SleepWell Blog
The Link Between Exercise and Sleep
Regular physical activity promotes deeper, more restorative sleep. According to the Sleep Research Society, exercise reduces insomnia symptoms and improves sleep efficiency.
How Exercise Improves Sleep
Exercise regulates your circadian rhythm and reduces stress, creating ideal conditions for rest.
Stress Reduction
Physical activity lowers cortisol levels, promoting relaxation.
Body Temperature Regulation
Exercise raises body temperature, and the post-workout cool-down mimics sleep onset.
Faster Sleep Onset
Regular exercise can reduce the time it takes to fall asleep.
Deeper Sleep Stages
Activity increases slow-wave sleep, enhancing restoration.

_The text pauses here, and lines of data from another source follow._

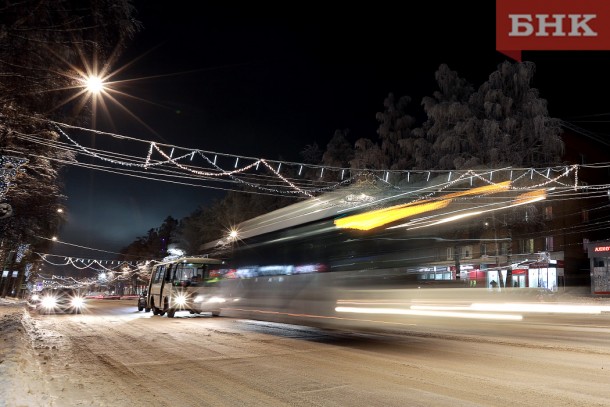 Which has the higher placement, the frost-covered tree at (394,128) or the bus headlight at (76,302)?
the frost-covered tree at (394,128)

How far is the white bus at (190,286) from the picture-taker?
71.7ft

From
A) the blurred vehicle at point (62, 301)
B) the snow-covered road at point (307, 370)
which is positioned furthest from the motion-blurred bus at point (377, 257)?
the blurred vehicle at point (62, 301)

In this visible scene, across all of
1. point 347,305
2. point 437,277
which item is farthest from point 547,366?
point 347,305

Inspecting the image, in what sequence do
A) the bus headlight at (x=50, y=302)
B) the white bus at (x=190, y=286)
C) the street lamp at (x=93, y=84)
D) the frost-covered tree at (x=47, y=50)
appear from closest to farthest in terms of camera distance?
1. the frost-covered tree at (x=47, y=50)
2. the street lamp at (x=93, y=84)
3. the white bus at (x=190, y=286)
4. the bus headlight at (x=50, y=302)

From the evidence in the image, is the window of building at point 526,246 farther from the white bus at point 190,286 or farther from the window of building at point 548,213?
the white bus at point 190,286

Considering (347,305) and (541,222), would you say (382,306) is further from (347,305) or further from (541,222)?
(541,222)

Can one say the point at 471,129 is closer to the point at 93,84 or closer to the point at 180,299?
the point at 180,299

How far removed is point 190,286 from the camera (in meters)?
22.6

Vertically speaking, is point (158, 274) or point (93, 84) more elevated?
point (93, 84)

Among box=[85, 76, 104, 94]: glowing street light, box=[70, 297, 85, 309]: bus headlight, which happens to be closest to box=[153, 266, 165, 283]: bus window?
box=[70, 297, 85, 309]: bus headlight

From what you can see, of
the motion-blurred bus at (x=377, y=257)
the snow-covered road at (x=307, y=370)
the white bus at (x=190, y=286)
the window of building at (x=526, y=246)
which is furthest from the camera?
the window of building at (x=526, y=246)

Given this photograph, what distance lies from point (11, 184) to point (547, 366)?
57.7 ft

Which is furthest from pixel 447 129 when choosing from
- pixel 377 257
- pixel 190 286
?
pixel 377 257

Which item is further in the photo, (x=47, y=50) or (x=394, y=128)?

Best Types of Exercise for Sleep
Not all workouts are equal when it comes to sleep benefits. Choose activities that suit your lifestyle.
Aerobic Exercise
Running or cycling boosts endorphins and improves sleep duration.
Yoga and Stretching
Gentle yoga reduces tension and promotes calmness before bed.
Strength Training Benefits
Weightlifting enhances sleep quality when done earlier in the day.
Walking for Relaxation
Brisk walks can improve sleep without overstimulating the body.
Optimizing Exercise Timing for Sleep
When you exercise matters. Timing workouts correctly maximizes sleep benefits.
Morning and Afternoon Workouts
Exercising earlier aligns with your circadian rhythm and boosts daytime energy.
Avoid Late-Night Workouts
Intense exercise within 2 hours of bedtime can disrupt sleep.
Evening Stretching
Light stretching or yoga in the evening promotes relaxation.
Consistency Matters
Regular exercise, even 20 minutes daily, improves sleep over time.
Listen to Your Body
Avoid overtraining, which can increase stress and harm sleep.
Balancing Exercise Intensity
Moderate exercise is ideal for sleep. Overdoing it can lead to restlessness.
Monitor Heart Rate
Keep workouts at a sustainable pace to avoid overstimulation.
Rest Days Are Key
Allow recovery time to prevent fatigue that disrupts sleep.